A circular flow model covers three subdivisions (household, business and government) as well
as three markets (product, factor, and financial). The preceding demonstrates the unceasing
movement of the disbursements for products amongst the producers and consumers, with
specific stress on taxes and government procurements. The three-sector, three-market circular
flow model illustrates the significant part that the government sector takes in the economy. It
enlarges the model by demonstrating how the diversion of taxes occur consumption expenses to
the government sector that are again put into use in government procurements. It shows that
taxes do not disappear from the economy, but simply diverted.
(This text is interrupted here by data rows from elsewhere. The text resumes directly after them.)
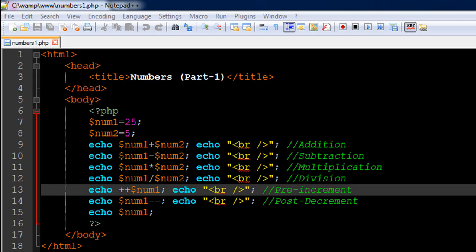Hello guys, welcome to my channel. This is the 10th tutorial in this course and in this tutorial we're going to begin our discussion on numbers. I have a file opened up in my text editor here, it's called numbers1.php.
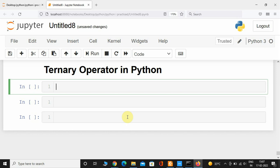Hey, what's up guys, welcome back. In this video we are going to take a look at how the ternary operator works in Python. Before we do that, first let us see how if/else conditions work in Python.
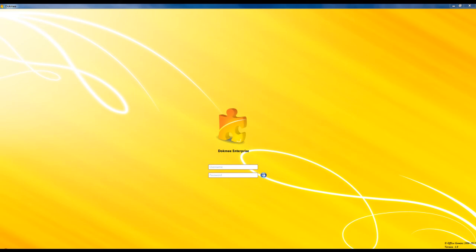Welcome to the DocMe Document Management Software Overview. Throughout this video you will receive a first-hand glance at the all-new DocMe 4.0 interface as well as review the many functions and features of the software. Let's get started.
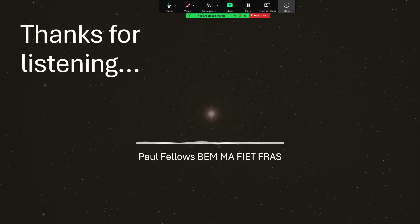So thanks very much for listening, and I hope you've enjoyed a little tiny tour once around Pollux.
Economists might identify a
recession, but it may take some time for governments to legislate a simulative tax cut or
expenditure program. However, price regulation have been questioned as a remedy. If inflation
were to begin again, economists might propose “supply side” procedures that would decrease
taxes and guidelines that might increase prices. On the other hand, the government uses fiscal
policy by injecting tax cuts or upsurges in government expenditure to improve the economy.
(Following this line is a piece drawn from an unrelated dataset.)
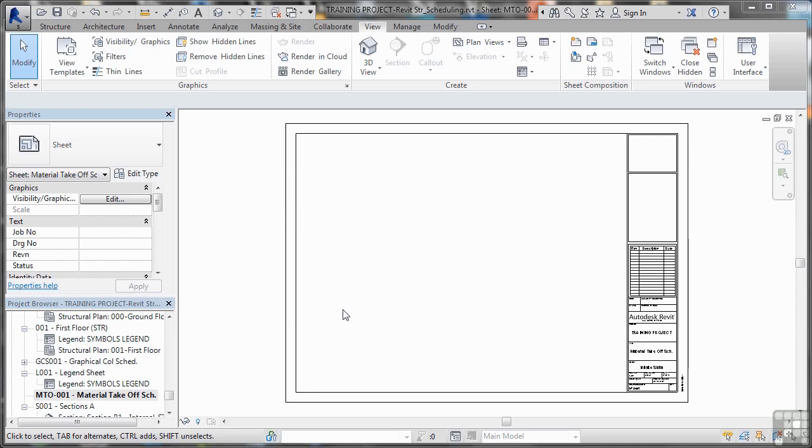Another thing you can utilize in the Revit structure modeling system is the ability to do material take-offs. That allows you to calculate areas of concrete, lengths of steel work and so on.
Finally, people pay taxes based on their earnings, on the things they purchase or on the property
they possess. The taxes collected signify the main source of revenue to the government sector.
Conclusion
The preceding information articulates a systematic analysis of processes contained in the typical
circular flow model. The model inaugurates some abridging assumptions that may not be
representative; but gives a general impression of understanding the main arguments of the model.
In each succeeding step, the model shows factors that are more realistic that the households,
businesses and the government interconnect with to give a good impression of the model. The
model resembles a road map, which gives direction and distance but does not display every
bump in the road or every corner. In other words, the model does not show a detailed structure of
the economy. Business managers need to know deeply about this model because, as producers,
businesses compete against each other in the resource markets while purchasing, mainly from the
household sector. The government comes in as the economy has restricted quantity of economic
resources. The budget of procuring resources such as labor is a source of earnings for
households, which the business managers need to organize for as the labor resource payers.